The US markets have rallied pretty much across the board to date with the S&P 500 growing 31% and the NASDAQ up 37%. A couple of the early year laggards, Financials and Small Companies, have rallied recently near all time highs. These sectors historically set the pace at the start of new up moves and not at market tops. Advancing issues versus declining issues (Advance/Decline) are at new highs and the markets internals remain strong. Energy stocks look to be bottoming after multi-year declines. Asian markets lead emerging markets to an 18-month high. These are all very constructive data points signaling that even better times may lie ahead, as the next leg of economic strength is building.
We have been asked by many to look into the companies involved with the growing legal cannabis market. As in any new technology or market, it will take time to figure out who will be the eventual survivors. There are currently so many companies trying to get a piece of this very large pie that it will be some time before mergers, bankruptcies, and illegal operations work through.
Canada is the first major country to legalize cannabis and so far, especially recently, stocks from companies involved there have been volatile to simply crushed as they work through restrictions, governance, etc. Companies in the US seem to be doing a bit better so far adapting to rules and regulations here. But the product is still illegal federally and can propose unseen problems. We are watching a few of these names. Give us a call if they interest you.

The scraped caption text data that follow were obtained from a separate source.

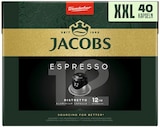 Aktuelles Kaffeekapseln Espresso Angebot bei Penny in Düsseldorf ab 7,49 €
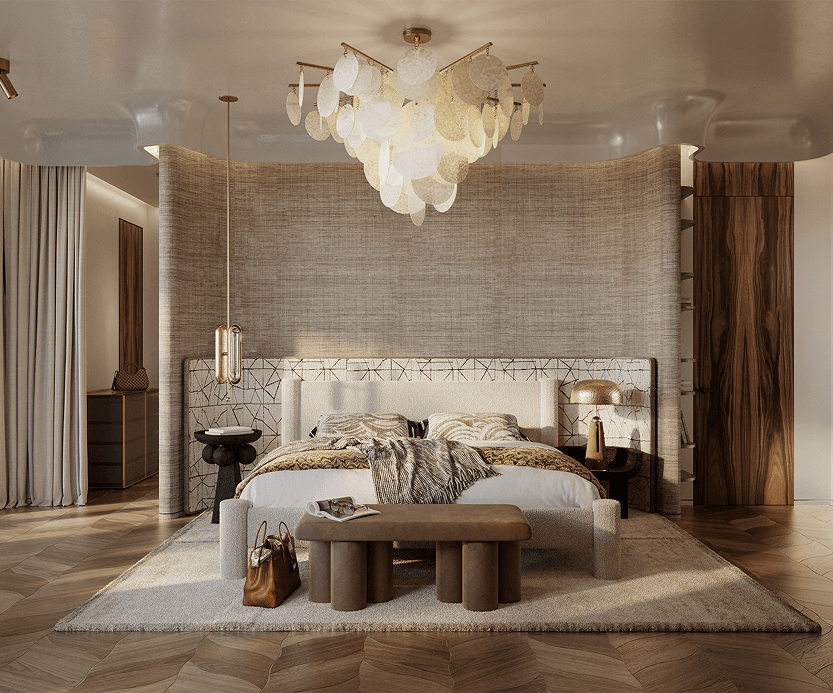 4-Bedroom Residence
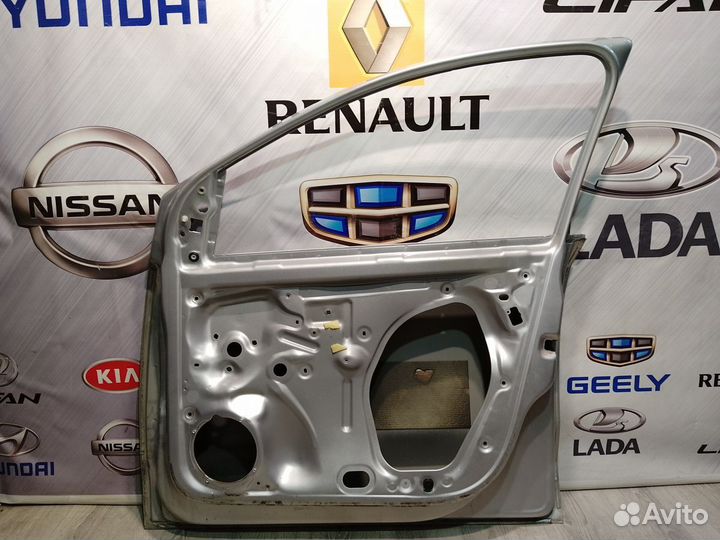 Дверь передняя Volkswagen polo 5 Прав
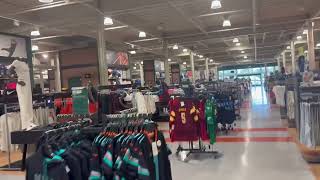 Brief 2026 Store Tour of Dicks Sporting Goods at The Florida Mall - Orlando FL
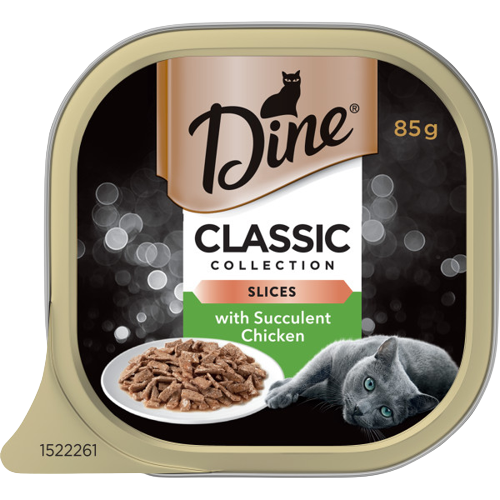 image DINE__Classic_Collection_with_Succulent_Chicken_Slices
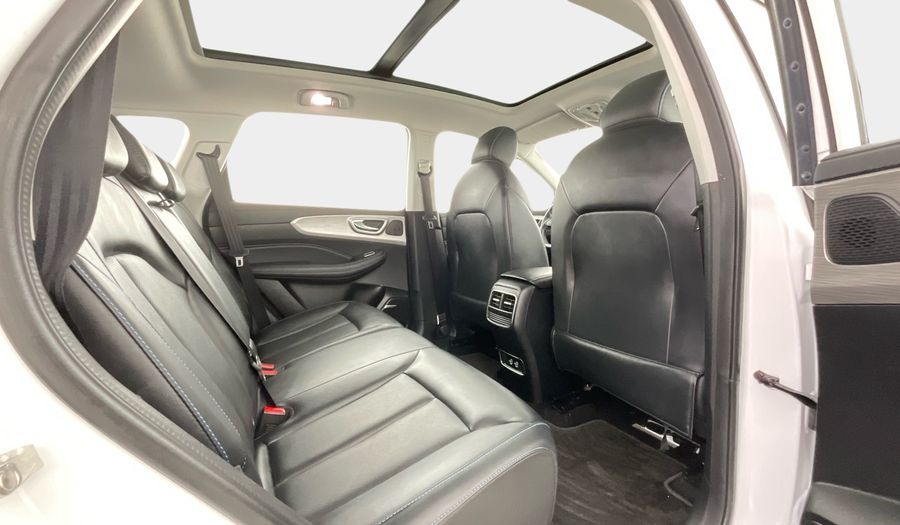 Mg Rx5 1.5T LUX 2WD Suv 2023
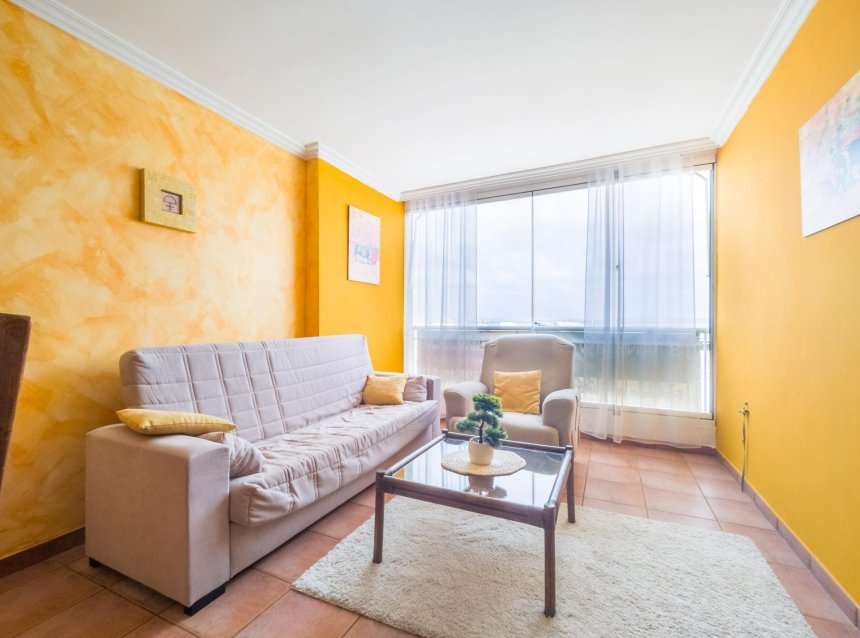 Revente - Apartment -
Torrevieja - Acequion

The month of October is designated “Financial Planning” month. Hopefully this spurs folks to sit down and take the process seriously. The numbers prove that so far this is not the case. A 2018 Gallop poll shows that only 38% of non-retired investors had a written financial plan. It also mentioned that results showed less than half of all Americans own stocks at all. Given the historical results of equities over time, this is a dangerous trend. Everything starts with a plan.
For the past 40 years we have enjoyed the privilege of wishing you and your families a healthy, happy, and prosperous New Year!
Happy Holidays,
The Lesjak Planning Team
Why have investors remained so cautious?
This is one of the most counterintuitive markets that we can recall. No one wants to believe the economy is doing fine. Investors, including many professionals, are certain that a shoe is going to drop any day. It must be that this sentiment is based solely on the “noise” effect of our 24/7 news bombardment and the inability to tune it out. This past year is the perfect example of the markets doing what frustrates the most. This is evidenced by the hordes of cash sitting on the sidelines earning very little.
The analysts that track fund flows to see where money is being allocated report that investors across the board from pensions to endowments to retail investors have all moved from growth assets to low interest investments without fail throughout 2019.
These analysts conclude that “Unfortunately, many remain locked in this state of “analysis paralysis” and have refused to listen to the actual messages of the market.”
Wall Street strategists are not immune either. In a report, those tracked by a leading financial publication are predicting smaller gains for 2020 than any year going back to 2007. The good news is that those strategists have been too pessimistic in 8 out of the last 11 years versus what the market actually did.